(Directions): Every single entry needs to appear again exactly as given.

Top of Supplied material

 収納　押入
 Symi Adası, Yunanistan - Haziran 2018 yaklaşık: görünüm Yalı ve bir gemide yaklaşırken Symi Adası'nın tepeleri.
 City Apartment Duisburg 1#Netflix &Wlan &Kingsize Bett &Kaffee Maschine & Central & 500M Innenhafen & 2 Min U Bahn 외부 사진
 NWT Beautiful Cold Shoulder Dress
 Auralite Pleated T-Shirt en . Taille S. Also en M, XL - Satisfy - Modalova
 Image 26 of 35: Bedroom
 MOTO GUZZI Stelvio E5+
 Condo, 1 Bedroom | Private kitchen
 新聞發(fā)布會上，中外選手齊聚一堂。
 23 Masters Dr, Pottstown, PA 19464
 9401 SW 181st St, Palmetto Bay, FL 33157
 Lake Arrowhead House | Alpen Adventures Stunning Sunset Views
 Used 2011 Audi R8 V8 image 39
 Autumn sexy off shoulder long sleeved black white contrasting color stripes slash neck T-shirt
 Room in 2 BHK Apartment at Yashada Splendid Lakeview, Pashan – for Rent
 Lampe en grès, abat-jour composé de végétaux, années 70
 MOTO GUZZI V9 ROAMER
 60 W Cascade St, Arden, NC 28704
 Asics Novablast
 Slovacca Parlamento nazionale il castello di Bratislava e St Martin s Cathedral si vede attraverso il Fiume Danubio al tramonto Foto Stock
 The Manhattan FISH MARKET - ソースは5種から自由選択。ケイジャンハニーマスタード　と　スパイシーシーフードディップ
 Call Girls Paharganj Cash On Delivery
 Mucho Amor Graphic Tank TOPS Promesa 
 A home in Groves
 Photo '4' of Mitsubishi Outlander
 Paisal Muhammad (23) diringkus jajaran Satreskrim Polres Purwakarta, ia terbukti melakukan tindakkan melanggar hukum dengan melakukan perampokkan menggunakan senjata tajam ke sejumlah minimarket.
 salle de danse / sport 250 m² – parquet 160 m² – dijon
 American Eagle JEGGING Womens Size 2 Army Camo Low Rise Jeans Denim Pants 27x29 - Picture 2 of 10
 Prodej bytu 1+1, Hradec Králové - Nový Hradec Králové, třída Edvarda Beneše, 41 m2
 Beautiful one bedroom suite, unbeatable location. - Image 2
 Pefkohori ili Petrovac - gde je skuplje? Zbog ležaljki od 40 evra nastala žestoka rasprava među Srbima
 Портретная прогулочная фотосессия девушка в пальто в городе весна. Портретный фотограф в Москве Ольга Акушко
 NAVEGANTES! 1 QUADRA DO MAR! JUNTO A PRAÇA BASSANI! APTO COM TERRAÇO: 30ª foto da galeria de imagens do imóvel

Bottom of Supplied material

(Task response):
 収納　押入
 Symi Adası, Yunanistan - Haziran 2018 yaklaşık: görünüm Yalı ve bir gemide yaklaşırken Symi Adası'nın tepeleri.
 City Apartment Duisburg 1#Netflix &Wlan &Kingsize Bett &Kaffee Maschine & Central & 500M Innenhafen & 2 Min U Bahn 외부 사진
 NWT Beautiful Cold Shoulder Dress
 Auralite Pleated T-Shirt en . Taille S. Also en M, XL - Satisfy - Modalova
 Image 26 of 35: Bedroom
 MOTO GUZZI Stelvio E5+
 Condo, 1 Bedroom | Private kitchen
 新聞發(fā)布會上，中外選手齊聚一堂。
 23 Masters Dr, Pottstown, PA 19464
 9401 SW 181st St, Palmetto Bay, FL 33157
 Lake Arrowhead House | Alpen Adventures Stunning Sunset Views
 Used 2011 Audi R8 V8 image 39
 Autumn sexy off shoulder long sleeved black white contrasting color stripes slash neck T-shirt
 Room in 2 BHK Apartment at Yashada Splendid Lakeview, Pashan – for Rent
 Lampe en grès, abat-jour composé de végétaux, années 70
 MOTO GUZZI V9 ROAMER
 60 W Cascade St, Arden, NC 28704
 Asics Novablast
 Slovacca Parlamento nazionale il castello di Bratislava e St Martin s Cathedral si vede attraverso il Fiume Danubio al tramonto Foto Stock
 The Manhattan FISH MARKET - ソースは5種から自由選択。ケイジャンハニーマスタード　と　スパイシーシーフードディップ
 Call Girls Paharganj Cash On Delivery
 Mucho Amor Graphic Tank TOPS Promesa 
 A home in Groves
 Photo '4' of Mitsubishi Outlander
 Paisal Muhammad (23) diringkus jajaran Satreskrim Polres Purwakarta, ia terbukti melakukan tindakkan melanggar hukum dengan melakukan perampokkan menggunakan senjata tajam ke sejumlah minimarket.
 salle de danse / sport 250 m² – parquet 160 m² – dijon
 American Eagle JEGGING Womens Size 2 Army Camo Low Rise Jeans Denim Pants 27x29 - Picture 2 of 10
 Prodej bytu 1+1, Hradec Králové - Nový Hradec Králové, třída Edvarda Beneše, 41 m2
 Beautiful one bedroom suite, unbeatable location. - Image 2
 Pefkohori ili Petrovac - gde je skuplje? Zbog ležaljki od 40 evra nastala žestoka rasprava među Srbima
 Портретная прогулочная фотосессия девушка в пальто в городе весна. Портретный фотограф в Москве Ольга Акушко
 NAVEGANTES! 1 QUADRA DO MAR! JUNTO A PRAÇA BASSANI! APTO COM TERRAÇO: 30ª foto da galeria de imagens do imóvel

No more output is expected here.